:: SOURCE MATERIAL ::

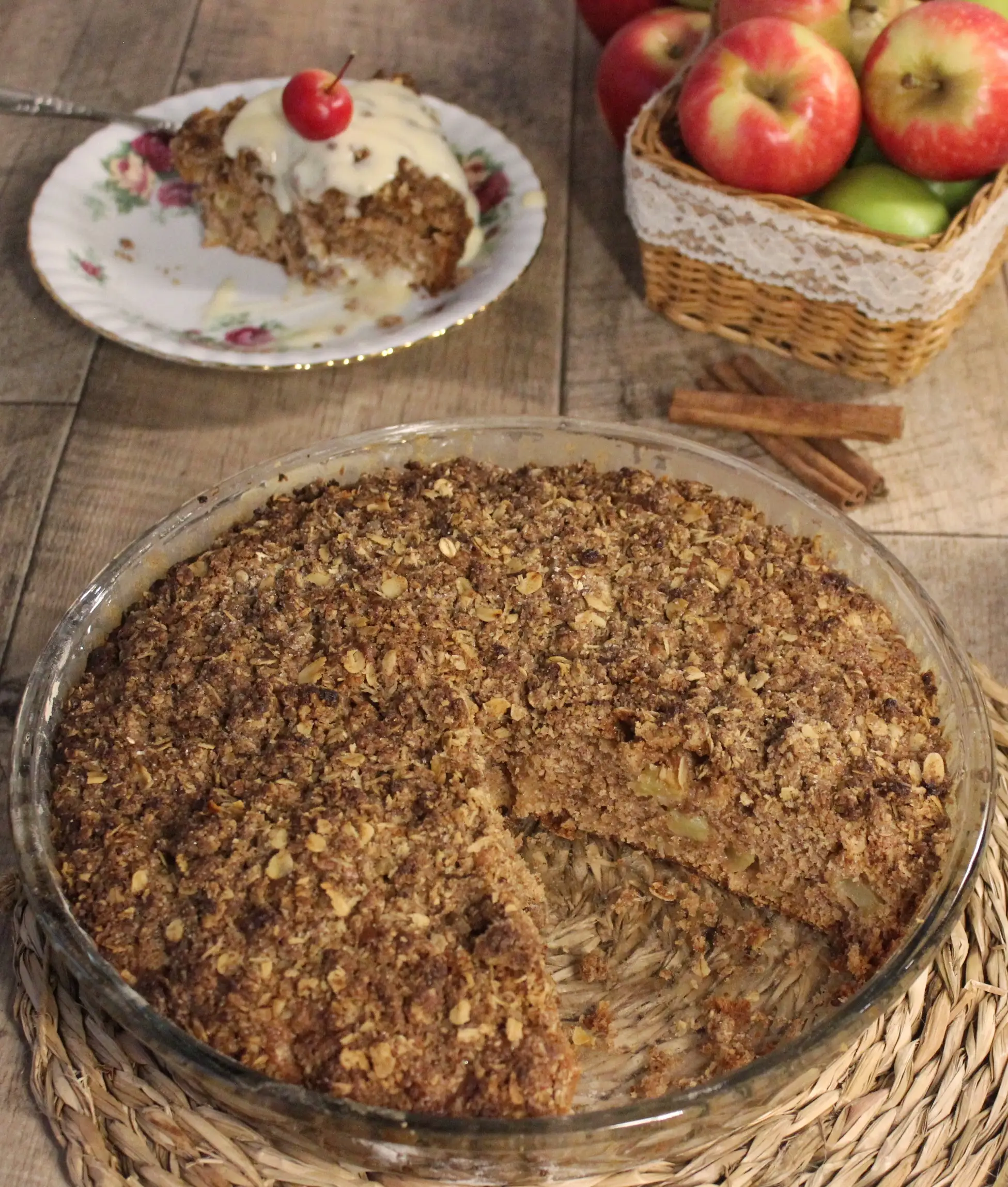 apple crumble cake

:::
:: SOURCE MATERIAL ::

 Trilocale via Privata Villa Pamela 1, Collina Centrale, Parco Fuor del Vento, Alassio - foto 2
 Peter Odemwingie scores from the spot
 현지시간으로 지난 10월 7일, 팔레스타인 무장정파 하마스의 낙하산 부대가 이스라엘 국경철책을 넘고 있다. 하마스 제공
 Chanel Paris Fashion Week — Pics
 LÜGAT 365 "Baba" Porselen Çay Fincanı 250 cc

:::

_YOUR OBJECTIVE_
Your reply is to repeat, unchanged, the lines above running from the one with "Peter Odemwingie scores from the spot" up to and including the one with "Fincanı 250 cc".

_TASK OUTPUT_
 Peter Odemwingie scores from the spot
 현지시간으로 지난 10월 7일, 팔레스타인 무장정파 하마스의 낙하산 부대가 이스라엘 국경철책을 넘고 있다. 하마스 제공
 Chanel Paris Fashion Week — Pics
 LÜGAT 365 "Baba" Porselen Çay Fincanı 250 cc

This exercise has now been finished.